### INSTRUCTIONS TO FOLLOW
Transcribe the line holding "Artneo Apartmani Novalja Bagian luar foto" together with every line after it, through the end of the records, exactly and with no pictures.

### RECORDED DATA

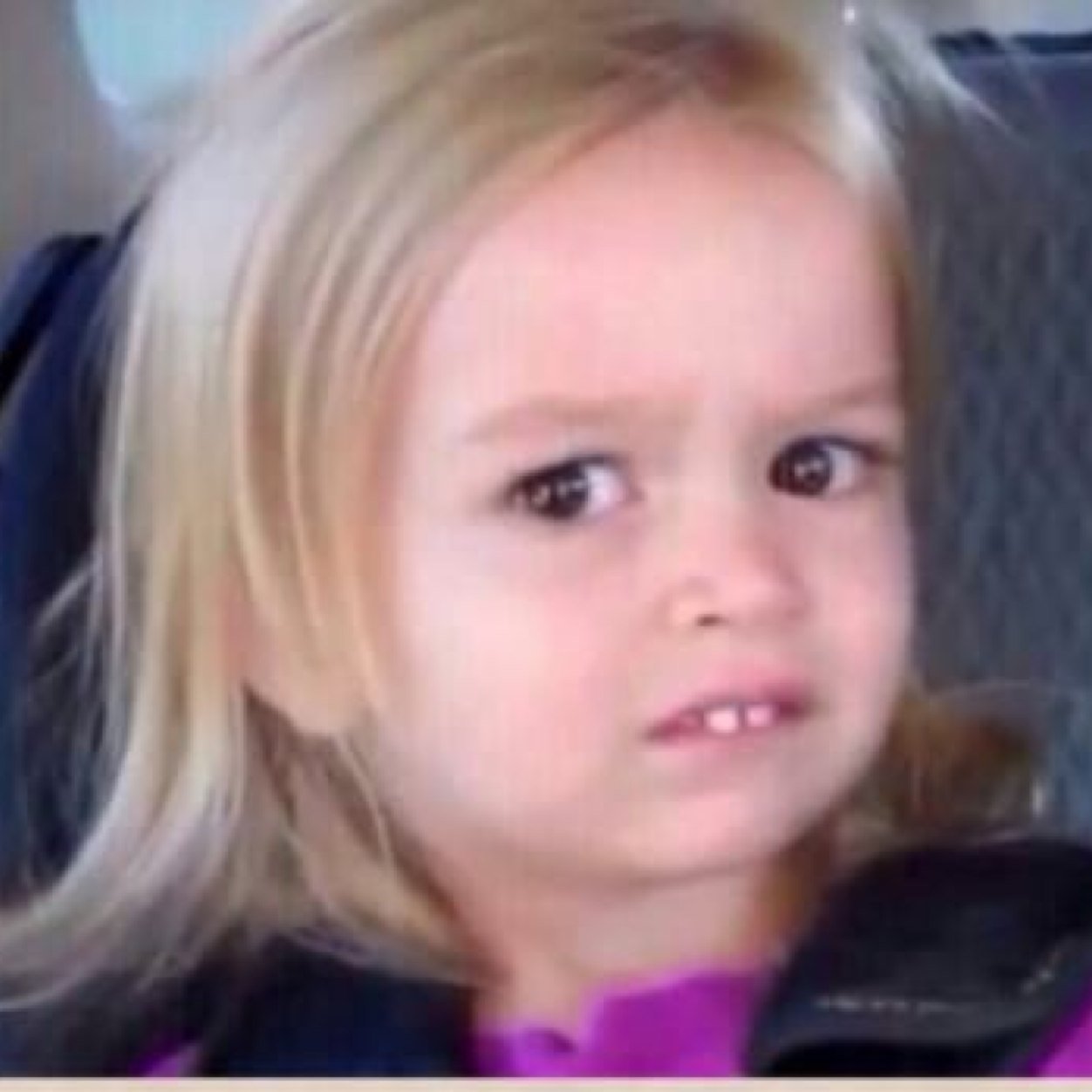 StrawberryCSF's profile picture. I RETWEET TWEETS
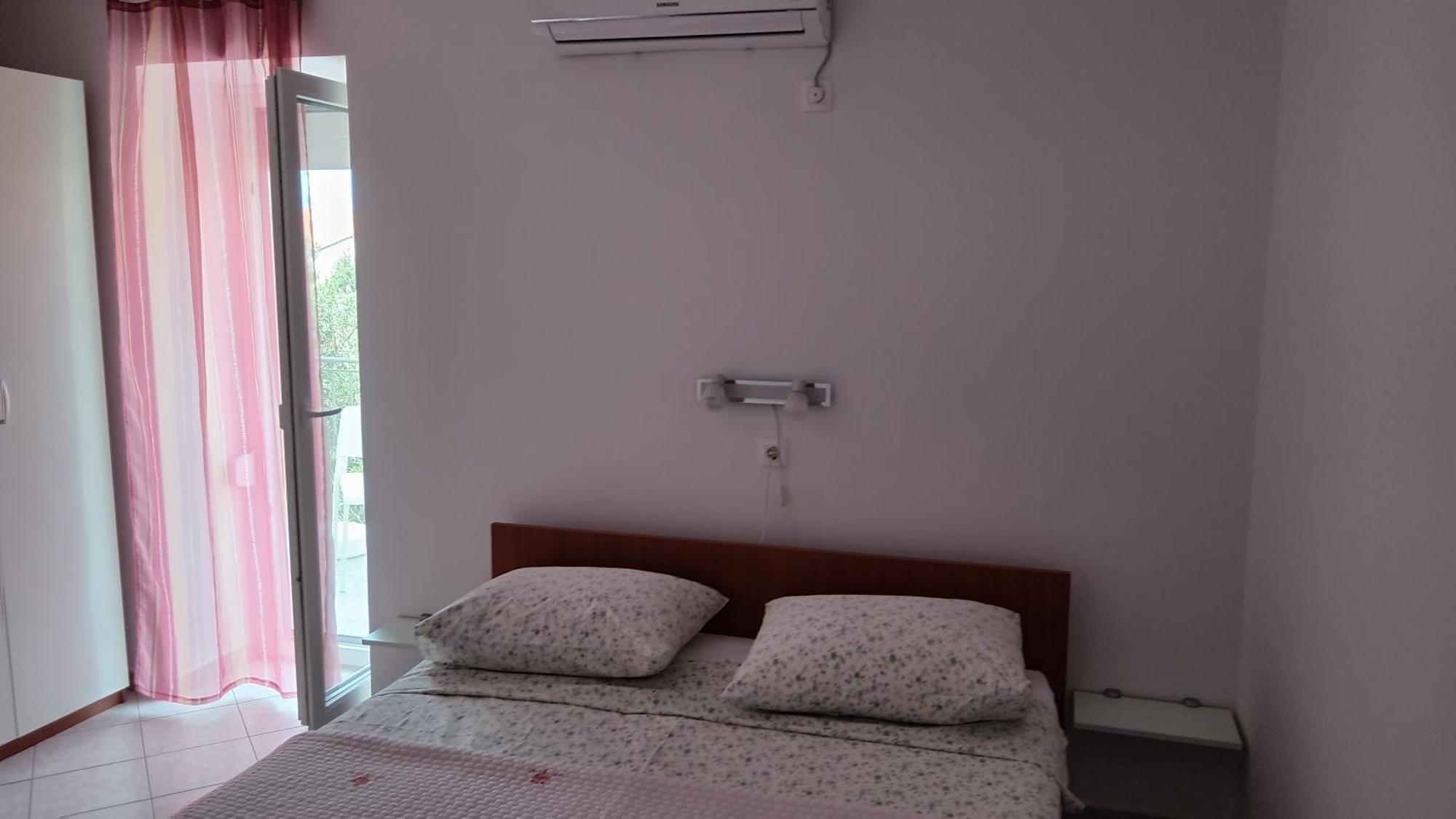 Artneo Apartmani Novalja Bagian luar foto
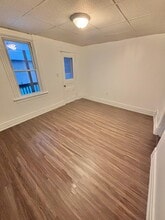 700 W Dominick St, Unit Apt 2 in Rome, NY - Foto de edificio - Building Photo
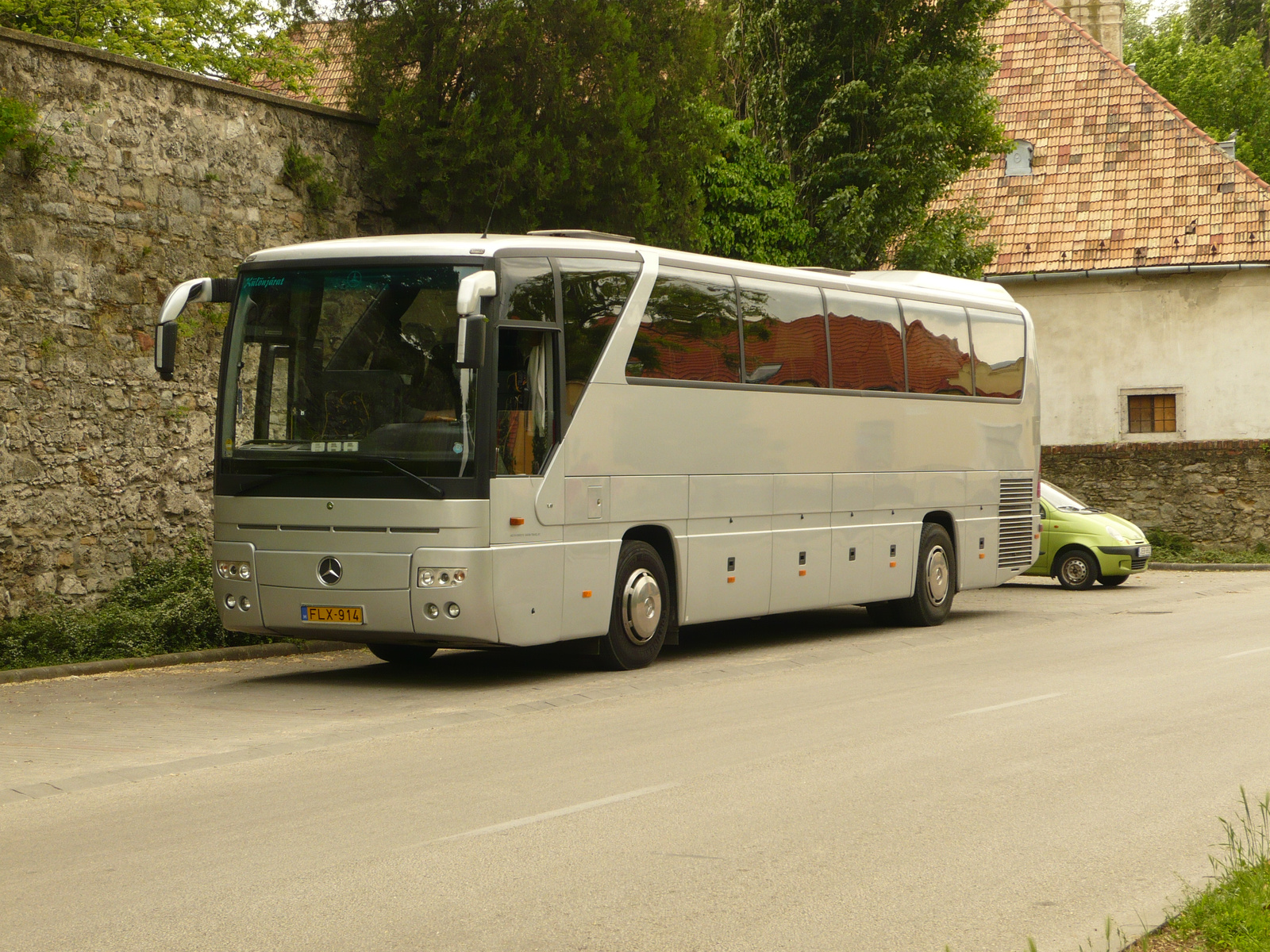 Mercedes-Benz Tourismo (FLX-914)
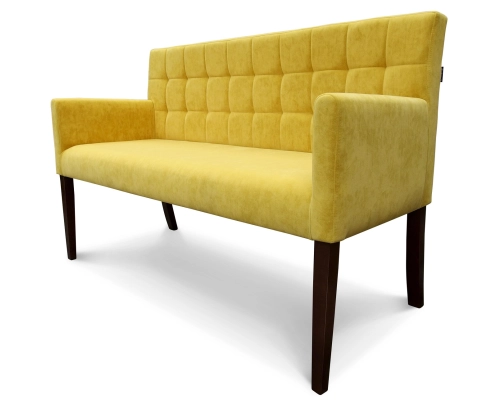 Ławka z oparciem pikowanym w kwadraty z podłokietnikami. Wys. oparcia 85cm od podłogi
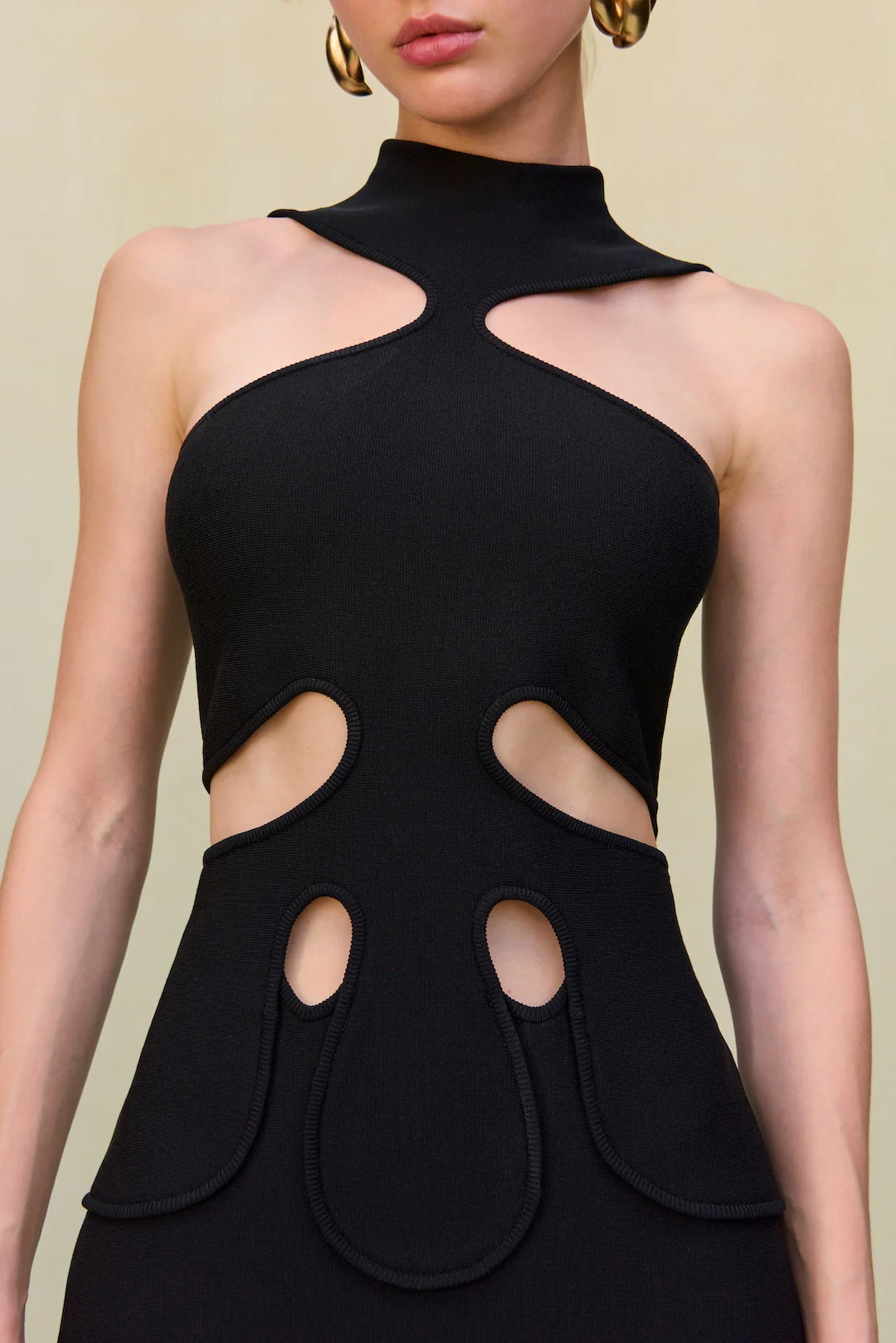 Черное трикотажное платье без рукавов с вырезами на плечах и нижней части тела, с воротником-стойкой, застежкой-молнией сзади, длиной выше колена, Шикарное для вечерней элегантности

### TASK RESULT
 Artneo Apartmani Novalja Bagian luar foto
 700 W Dominick St, Unit Apt 2 in Rome, NY - Foto de edificio - Building Photo
 Mercedes-Benz Tourismo (FLX-914)
 Ławka z oparciem pikowanym w kwadraty z podłokietnikami. Wys. oparcia 85cm od podłogi
 Черное трикотажное платье без рукавов с вырезами на плечах и нижней части тела, с воротником-стойкой, застежкой-молнией сзади, длиной выше колена, Шикарное для вечерней элегантности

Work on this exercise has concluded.